Give back all the records below, unaltered.

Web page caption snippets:
====================

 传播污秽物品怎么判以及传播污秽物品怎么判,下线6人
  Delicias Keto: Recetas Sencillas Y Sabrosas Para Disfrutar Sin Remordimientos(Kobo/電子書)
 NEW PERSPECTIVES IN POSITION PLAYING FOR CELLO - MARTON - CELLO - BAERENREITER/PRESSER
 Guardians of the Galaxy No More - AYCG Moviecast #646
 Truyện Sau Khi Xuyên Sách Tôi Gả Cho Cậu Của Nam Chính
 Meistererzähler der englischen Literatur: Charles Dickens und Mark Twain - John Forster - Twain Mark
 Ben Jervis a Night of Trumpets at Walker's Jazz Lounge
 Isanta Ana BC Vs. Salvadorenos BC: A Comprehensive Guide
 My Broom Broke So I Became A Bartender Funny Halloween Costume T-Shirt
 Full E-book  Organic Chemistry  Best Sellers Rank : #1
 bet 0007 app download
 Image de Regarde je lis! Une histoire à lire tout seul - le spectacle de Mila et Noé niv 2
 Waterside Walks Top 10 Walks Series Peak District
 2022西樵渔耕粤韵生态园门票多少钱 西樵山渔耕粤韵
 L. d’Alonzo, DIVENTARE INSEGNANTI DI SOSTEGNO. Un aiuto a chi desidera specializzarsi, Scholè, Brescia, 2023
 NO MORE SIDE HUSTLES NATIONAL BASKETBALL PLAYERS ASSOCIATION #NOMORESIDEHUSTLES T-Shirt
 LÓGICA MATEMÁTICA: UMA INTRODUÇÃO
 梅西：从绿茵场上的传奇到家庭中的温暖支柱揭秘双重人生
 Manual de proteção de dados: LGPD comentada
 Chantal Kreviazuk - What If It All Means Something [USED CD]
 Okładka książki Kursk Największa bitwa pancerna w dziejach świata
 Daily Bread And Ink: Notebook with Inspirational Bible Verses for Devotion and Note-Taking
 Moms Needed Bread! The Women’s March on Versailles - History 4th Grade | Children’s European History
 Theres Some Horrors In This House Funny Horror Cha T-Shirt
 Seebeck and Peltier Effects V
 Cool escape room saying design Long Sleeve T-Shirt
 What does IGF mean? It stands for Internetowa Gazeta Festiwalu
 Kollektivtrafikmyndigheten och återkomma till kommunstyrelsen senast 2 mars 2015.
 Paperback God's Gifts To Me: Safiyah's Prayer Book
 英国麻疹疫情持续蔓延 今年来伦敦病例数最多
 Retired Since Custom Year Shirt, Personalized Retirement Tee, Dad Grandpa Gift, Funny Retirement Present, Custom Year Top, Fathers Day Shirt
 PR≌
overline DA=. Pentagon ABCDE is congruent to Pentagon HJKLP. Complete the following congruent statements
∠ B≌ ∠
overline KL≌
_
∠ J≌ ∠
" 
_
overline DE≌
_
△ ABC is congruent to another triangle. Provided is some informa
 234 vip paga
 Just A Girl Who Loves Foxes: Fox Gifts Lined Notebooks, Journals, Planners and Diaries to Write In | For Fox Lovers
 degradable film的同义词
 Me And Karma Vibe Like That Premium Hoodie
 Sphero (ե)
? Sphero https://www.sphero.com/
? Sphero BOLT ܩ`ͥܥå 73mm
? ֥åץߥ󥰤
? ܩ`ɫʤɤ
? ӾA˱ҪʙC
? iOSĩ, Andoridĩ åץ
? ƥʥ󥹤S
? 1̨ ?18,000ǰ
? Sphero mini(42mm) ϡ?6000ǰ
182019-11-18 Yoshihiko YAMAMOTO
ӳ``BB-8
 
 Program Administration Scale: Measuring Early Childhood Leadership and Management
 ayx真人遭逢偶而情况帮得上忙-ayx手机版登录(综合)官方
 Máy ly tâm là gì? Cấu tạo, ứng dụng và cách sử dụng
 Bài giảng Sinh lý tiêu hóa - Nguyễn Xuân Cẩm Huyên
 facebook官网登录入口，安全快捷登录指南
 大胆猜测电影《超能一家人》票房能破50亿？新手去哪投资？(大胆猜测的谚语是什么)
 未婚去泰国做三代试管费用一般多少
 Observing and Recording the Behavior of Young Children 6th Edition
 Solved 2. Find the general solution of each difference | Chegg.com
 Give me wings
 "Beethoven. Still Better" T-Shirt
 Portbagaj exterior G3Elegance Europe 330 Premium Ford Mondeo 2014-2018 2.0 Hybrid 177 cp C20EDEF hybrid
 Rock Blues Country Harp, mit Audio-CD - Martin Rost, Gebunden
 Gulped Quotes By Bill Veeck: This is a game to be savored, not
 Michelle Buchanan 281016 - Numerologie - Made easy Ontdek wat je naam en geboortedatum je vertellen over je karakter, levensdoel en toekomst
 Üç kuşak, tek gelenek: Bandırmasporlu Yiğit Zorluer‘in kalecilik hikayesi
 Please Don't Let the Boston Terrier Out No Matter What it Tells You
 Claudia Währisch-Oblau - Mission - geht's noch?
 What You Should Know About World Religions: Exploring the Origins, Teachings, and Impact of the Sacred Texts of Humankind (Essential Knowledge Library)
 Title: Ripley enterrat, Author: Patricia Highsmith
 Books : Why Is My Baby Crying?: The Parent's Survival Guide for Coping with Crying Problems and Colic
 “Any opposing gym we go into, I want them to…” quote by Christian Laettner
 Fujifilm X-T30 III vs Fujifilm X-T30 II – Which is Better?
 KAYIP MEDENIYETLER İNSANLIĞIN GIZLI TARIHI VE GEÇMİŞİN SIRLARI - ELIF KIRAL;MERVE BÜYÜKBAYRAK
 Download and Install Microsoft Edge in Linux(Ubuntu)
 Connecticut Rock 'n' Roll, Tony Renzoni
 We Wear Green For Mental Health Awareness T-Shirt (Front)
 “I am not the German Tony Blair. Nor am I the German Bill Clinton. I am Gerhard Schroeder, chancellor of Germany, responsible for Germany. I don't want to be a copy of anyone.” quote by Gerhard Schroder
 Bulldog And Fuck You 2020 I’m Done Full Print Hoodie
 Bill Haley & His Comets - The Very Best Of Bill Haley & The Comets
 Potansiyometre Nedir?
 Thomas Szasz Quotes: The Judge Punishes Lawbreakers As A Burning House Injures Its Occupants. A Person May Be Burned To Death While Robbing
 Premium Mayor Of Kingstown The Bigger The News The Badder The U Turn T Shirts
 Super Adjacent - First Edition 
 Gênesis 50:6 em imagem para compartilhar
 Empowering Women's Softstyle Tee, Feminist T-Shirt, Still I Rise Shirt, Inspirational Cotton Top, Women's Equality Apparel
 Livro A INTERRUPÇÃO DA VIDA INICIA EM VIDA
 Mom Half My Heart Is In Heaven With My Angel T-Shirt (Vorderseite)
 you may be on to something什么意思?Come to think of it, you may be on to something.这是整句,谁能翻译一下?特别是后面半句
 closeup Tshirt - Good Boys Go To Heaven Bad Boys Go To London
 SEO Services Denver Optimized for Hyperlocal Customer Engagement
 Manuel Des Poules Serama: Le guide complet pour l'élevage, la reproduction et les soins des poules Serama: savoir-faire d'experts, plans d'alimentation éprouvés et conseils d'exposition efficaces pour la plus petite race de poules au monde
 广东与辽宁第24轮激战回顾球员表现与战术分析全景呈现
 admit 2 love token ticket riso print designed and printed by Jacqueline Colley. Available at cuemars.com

====================

Output of the task:
 传播污秽物品怎么判以及传播污秽物品怎么判,下线6人
  Delicias Keto: Recetas Sencillas Y Sabrosas Para Disfrutar Sin Remordimientos(Kobo/電子書)
 NEW PERSPECTIVES IN POSITION PLAYING FOR CELLO - MARTON - CELLO - BAERENREITER/PRESSER
 Guardians of the Galaxy No More - AYCG Moviecast #646
 Truyện Sau Khi Xuyên Sách Tôi Gả Cho Cậu Của Nam Chính
 Meistererzähler der englischen Literatur: Charles Dickens und Mark Twain - John Forster - Twain Mark
 Ben Jervis a Night of Trumpets at Walker's Jazz Lounge
 Isanta Ana BC Vs. Salvadorenos BC: A Comprehensive Guide
 My Broom Broke So I Became A Bartender Funny Halloween Costume T-Shirt
 Full E-book  Organic Chemistry  Best Sellers Rank : #1
 bet 0007 app download
 Image de Regarde je lis! Une histoire à lire tout seul - le spectacle de Mila et Noé niv 2
 Waterside Walks Top 10 Walks Series Peak District
 2022西樵渔耕粤韵生态园门票多少钱 西樵山渔耕粤韵
 L. d’Alonzo, DIVENTARE INSEGNANTI DI SOSTEGNO. Un aiuto a chi desidera specializzarsi, Scholè, Brescia, 2023
 NO MORE SIDE HUSTLES NATIONAL BASKETBALL PLAYERS ASSOCIATION #NOMORESIDEHUSTLES T-Shirt
 LÓGICA MATEMÁTICA: UMA INTRODUÇÃO
 梅西：从绿茵场上的传奇到家庭中的温暖支柱揭秘双重人生
 Manual de proteção de dados: LGPD comentada
 Chantal Kreviazuk - What If It All Means Something [USED CD]
 Okładka książki Kursk Największa bitwa pancerna w dziejach świata
 Daily Bread And Ink: Notebook with Inspirational Bible Verses for Devotion and Note-Taking
 Moms Needed Bread! The Women’s March on Versailles - History 4th Grade | Children’s European History
 Theres Some Horrors In This House Funny Horror Cha T-Shirt
 Seebeck and Peltier Effects V
 Cool escape room saying design Long Sleeve T-Shirt
 What does IGF mean? It stands for Internetowa Gazeta Festiwalu
 Kollektivtrafikmyndigheten och återkomma till kommunstyrelsen senast 2 mars 2015.
 Paperback God's Gifts To Me: Safiyah's Prayer Book
 英国麻疹疫情持续蔓延 今年来伦敦病例数最多
 Retired Since Custom Year Shirt, Personalized Retirement Tee, Dad Grandpa Gift, Funny Retirement Present, Custom Year Top, Fathers Day Shirt
 PR≌
overline DA=. Pentagon ABCDE is congruent to Pentagon HJKLP. Complete the following congruent statements
∠ B≌ ∠
overline KL≌
_
∠ J≌ ∠
" 
_
overline DE≌
_
△ ABC is congruent to another triangle. Provided is some informa
 234 vip paga
 Just A Girl Who Loves Foxes: Fox Gifts Lined Notebooks, Journals, Planners and Diaries to Write In | For Fox Lovers
 degradable film的同义词
 Me And Karma Vibe Like That Premium Hoodie
 Sphero (ե)
? Sphero https://www.sphero.com/
? Sphero BOLT ܩ`ͥܥå 73mm
? ֥åץߥ󥰤
? ܩ`ɫʤɤ
? ӾA˱ҪʙC
? iOSĩ, Andoridĩ åץ
? ƥʥ󥹤S
? 1̨ ?18,000ǰ
? Sphero mini(42mm) ϡ?6000ǰ
182019-11-18 Yoshihiko YAMAMOTO
ӳ``BB-8
 
 Program Administration Scale: Measuring Early Childhood Leadership and Management
 ayx真人遭逢偶而情况帮得上忙-ayx手机版登录(综合)官方
 Máy ly tâm là gì? Cấu tạo, ứng dụng và cách sử dụng
 Bài giảng Sinh lý tiêu hóa - Nguyễn Xuân Cẩm Huyên
 facebook官网登录入口，安全快捷登录指南
 大胆猜测电影《超能一家人》票房能破50亿？新手去哪投资？(大胆猜测的谚语是什么)
 未婚去泰国做三代试管费用一般多少
 Observing and Recording the Behavior of Young Children 6th Edition
 Solved 2. Find the general solution of each difference | Chegg.com
 Give me wings
 "Beethoven. Still Better" T-Shirt
 Portbagaj exterior G3Elegance Europe 330 Premium Ford Mondeo 2014-2018 2.0 Hybrid 177 cp C20EDEF hybrid
 Rock Blues Country Harp, mit Audio-CD - Martin Rost, Gebunden
 Gulped Quotes By Bill Veeck: This is a game to be savored, not
 Michelle Buchanan 281016 - Numerologie - Made easy Ontdek wat je naam en geboortedatum je vertellen over je karakter, levensdoel en toekomst
 Üç kuşak, tek gelenek: Bandırmasporlu Yiğit Zorluer‘in kalecilik hikayesi
 Please Don't Let the Boston Terrier Out No Matter What it Tells You
 Claudia Währisch-Oblau - Mission - geht's noch?
 What You Should Know About World Religions: Exploring the Origins, Teachings, and Impact of the Sacred Texts of Humankind (Essential Knowledge Library)
 Title: Ripley enterrat, Author: Patricia Highsmith
 Books : Why Is My Baby Crying?: The Parent's Survival Guide for Coping with Crying Problems and Colic
 “Any opposing gym we go into, I want them to…” quote by Christian Laettner
 Fujifilm X-T30 III vs Fujifilm X-T30 II – Which is Better?
 KAYIP MEDENIYETLER İNSANLIĞIN GIZLI TARIHI VE GEÇMİŞİN SIRLARI - ELIF KIRAL;MERVE BÜYÜKBAYRAK
 Download and Install Microsoft Edge in Linux(Ubuntu)
 Connecticut Rock 'n' Roll, Tony Renzoni
 We Wear Green For Mental Health Awareness T-Shirt (Front)
 “I am not the German Tony Blair. Nor am I the German Bill Clinton. I am Gerhard Schroeder, chancellor of Germany, responsible for Germany. I don't want to be a copy of anyone.” quote by Gerhard Schroder
 Bulldog And Fuck You 2020 I’m Done Full Print Hoodie
 Bill Haley & His Comets - The Very Best Of Bill Haley & The Comets
 Potansiyometre Nedir?
 Thomas Szasz Quotes: The Judge Punishes Lawbreakers As A Burning House Injures Its Occupants. A Person May Be Burned To Death While Robbing
 Premium Mayor Of Kingstown The Bigger The News The Badder The U Turn T Shirts
 Super Adjacent - First Edition 
 Gênesis 50:6 em imagem para compartilhar
 Empowering Women's Softstyle Tee, Feminist T-Shirt, Still I Rise Shirt, Inspirational Cotton Top, Women's Equality Apparel
 Livro A INTERRUPÇÃO DA VIDA INICIA EM VIDA
 Mom Half My Heart Is In Heaven With My Angel T-Shirt (Vorderseite)
 you may be on to something什么意思?Come to think of it, you may be on to something.这是整句,谁能翻译一下?特别是后面半句
 closeup Tshirt - Good Boys Go To Heaven Bad Boys Go To London
 SEO Services Denver Optimized for Hyperlocal Customer Engagement
 Manuel Des Poules Serama: Le guide complet pour l'élevage, la reproduction et les soins des poules Serama: savoir-faire d'experts, plans d'alimentation éprouvés et conseils d'exposition efficaces pour la plus petite race de poules au monde
 广东与辽宁第24轮激战回顾球员表现与战术分析全景呈现
 admit 2 love token ticket riso print designed and printed by Jacqueline Colley. Available at cuemars.com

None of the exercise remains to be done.